Die Zeiten sind hart für den Horrorfilm. Das Genre ist längst kommerzialisiert, Splatter und Wundinszenierung integraler Bestandteil des Hollywoodkinos. Der Trend geht zurück, orientiert sich an den garstigen Kulturparabeln der sechziger und siebziger Jahre. Filme wie „The Texas Chainsaw Massacre“, „Dawn of the Dead” und „The Hills have Eyes“ haben ihre Remakes bereits bekommen. Weitere werden folgen, soviel steht fest. Doch etwas ist anders. Während die Hoopers, Romeros und Cravens Produkte einer Gesellschaft im Umbruch waren, sind die Neuverfilmungen Produkte für die Spaßgesellschaft, im Speziellen einer Jugend, der die Symbolik der Gewalt fremd ist. Die Motivation ist die Neugier auf das Innere der anderen, Schockmomente auf Kosten geöffneter Körper.
„Hostel“, Kooperationsprojekt von „Pulp Fiction“-Schöpfer Quentin Tarantino und „Cabin Fever“-Regisseur Eli Roth, verzichtet vollständig auf Doppelbödigkeit und gibt sich allein dem Spiel mit der Abscheu hin. Roth versucht sich am Extrem-Kino eines Takashi Miike („Ichi – The Killer“), der im Film einen Cameoauftritt absolviert, gerät jedoch über den scheinbaren Unterhaltungswert seiner zweckfremden Exploitation ins Straucheln. Das Kino Miikes benutzt ausufernde Gewalt je nach Thema als groteske Spielwiese oder subtil kritische Projektionsfläche. Der amerikanische Nachahmer beschränkt sich, mit dem Unterschied fehlender Ironie, auf ersteres und rückt damit ins Abseits des Terror & Torture-Ouvres eines Hershell Gordon Lewis („Blood Feast“) oder Joel M. Reed („Bloodsucking Freaks“).
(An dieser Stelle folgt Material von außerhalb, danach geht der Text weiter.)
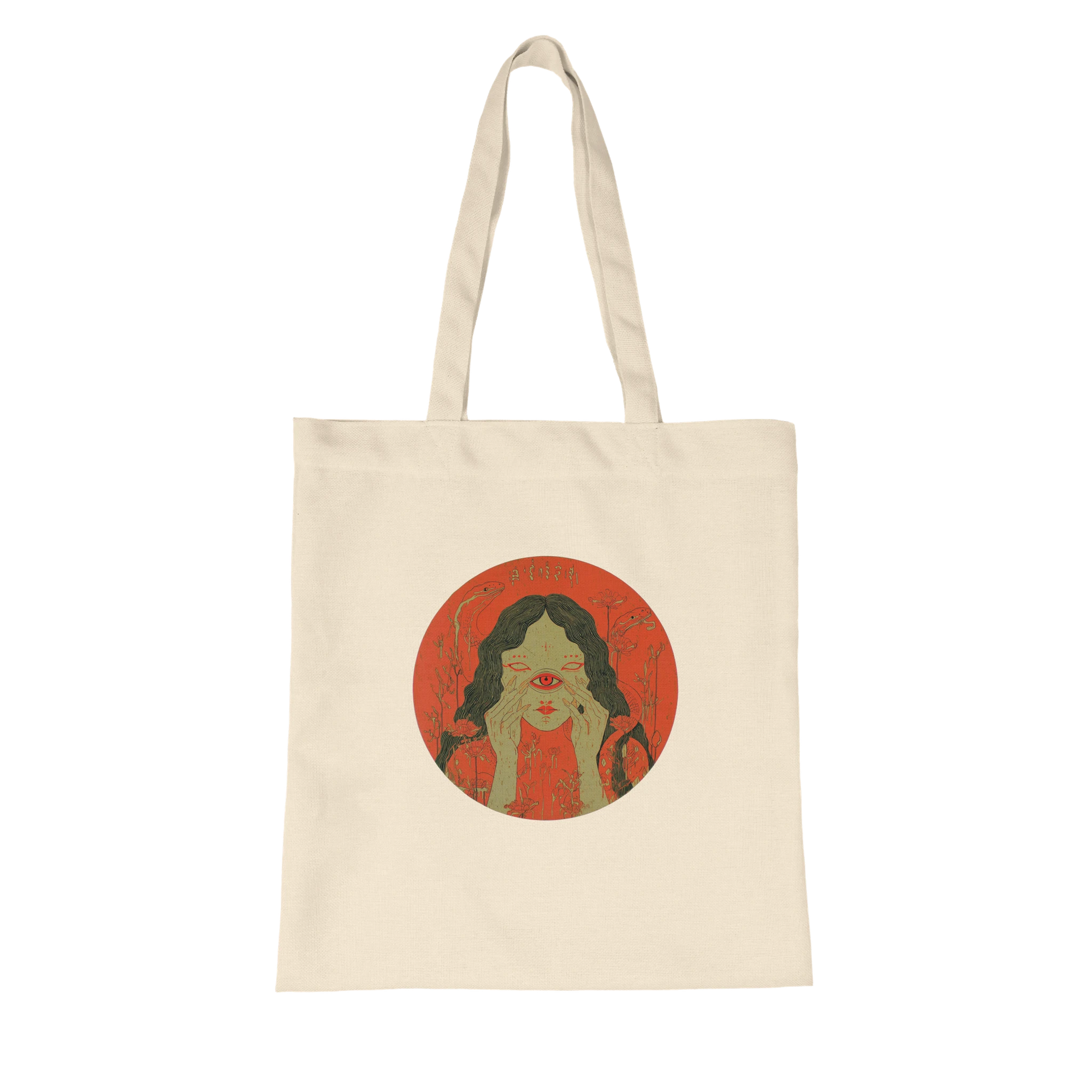 8575f801-e74a-418d-8ee0-54b33bec7b87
Der Film erzählt die Geschichte der amerikanischen Rucksacktouristen Paxton (Jay Hernandez, „Im Feuer“) und Josh (Derek Richardson, „Dumm und Dümmerer“), die zusammen mit Zufallsbekanntschaft Oli (Eythor Gudjonsson) Europa bereisen. Der Wunsch nach Sex, Drogen und Alkohol ist schnell erfüllt, was fehlt ist der letzte Kick. Auf ihrer Suche nach mannigfaltiger Befriedigung erhalten die drei, wie dereinst Leonardo DiCaprio in „The Beach“, den Hinweis auf ein verborgenes Paradies: In der slowakischen Provinz soll sich der Backpacker-Himmel auftun, ein Hostel voll williger Mädchen und endlosem Exzess. Vor Ort jedoch lauert das Grauen, als die drei einer Organisation in die Hände fallen, die eine ganz besondere Dienstleistung feilbietet – qualvolle Tötung gegen Bezahlung!
„Hostel“ ist ein Film der Superlative – zumindest im statistischen Bereich. Bei Produktionskosten von nur 4,5 Millionen US-Dollar spielte der Independent-Schocker allein in Amerika fast 50 Millionen ein. Rekordverdächtige neun verschiedene Sprachen finden Verwendung, wohlgemerkt ohne jede Untertitelung. Der Verbrauch an Kunstblut beläuft sich auf mehr als 500 Liter. Vor allem letztgenannter Aspekt lässt aufhorchen, doch wird der Film dem vorausgeeilten Ruf des wegweisenden Schlachtfests kaum gerecht. Gerade die erste Hälfte verklebt lose postpubertäre Männerfantasien und überrascht abseits dürftiger Dialoge und fader Figuren einzig durch die Freizügigkeit der osteuropäischen Komparsinnen.
Erst in der Slowakei wird der Film düsterer. Eine spannungsgeladene Atmosphäre stellt sich allerdings auch dort nicht ein. Erst verschwindet Oli, dann Josh. Zwischenspiele in dunklen Gewölben nehmen zu, Szenen von Folter und Mord. Zimperlich geht Eli Roth nicht mit den Figuren um, durchtrennt eine Achillesferse, entledigt sich lästiger Finger mit einer Kettensäge. Doch wirkt der Handlungsaufbau zu zäh, als das die Kehrtwende zum Sleaze-Slasher noch Pluspunkte verbuchen könnte. Am Ende steht neben brutaler Erlösung die Erkenntnis, dass Blutzoll allein noch keinen guten Film macht. „Hostel“ mag noch so routiniert inszeniert sein, Überzeugungsarbeit leistet der handwarme Exploiter bei nur aus nackter Haut und quälender Gewalt gefertigten Schauwerten nicht.